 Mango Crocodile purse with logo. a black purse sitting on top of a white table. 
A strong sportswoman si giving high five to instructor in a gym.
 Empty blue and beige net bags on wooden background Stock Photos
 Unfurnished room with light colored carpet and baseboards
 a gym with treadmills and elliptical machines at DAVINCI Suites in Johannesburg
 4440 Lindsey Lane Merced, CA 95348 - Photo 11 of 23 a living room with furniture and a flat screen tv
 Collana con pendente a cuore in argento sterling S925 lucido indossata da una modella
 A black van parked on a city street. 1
########
From the line containing "Unfurnished room with" through the closing line of the material above, return every line exactly and omit all others.

Written response:
 Unfurnished room with light colored carpet and baseboards
 a gym with treadmills and elliptical machines at DAVINCI Suites in Johannesburg
 4440 Lindsey Lane Merced, CA 95348 - Photo 11 of 23 a living room with furniture and a flat screen tv
 Collana con pendente a cuore in argento sterling S925 lucido indossata da una modella
 A black van parked on a city street. 1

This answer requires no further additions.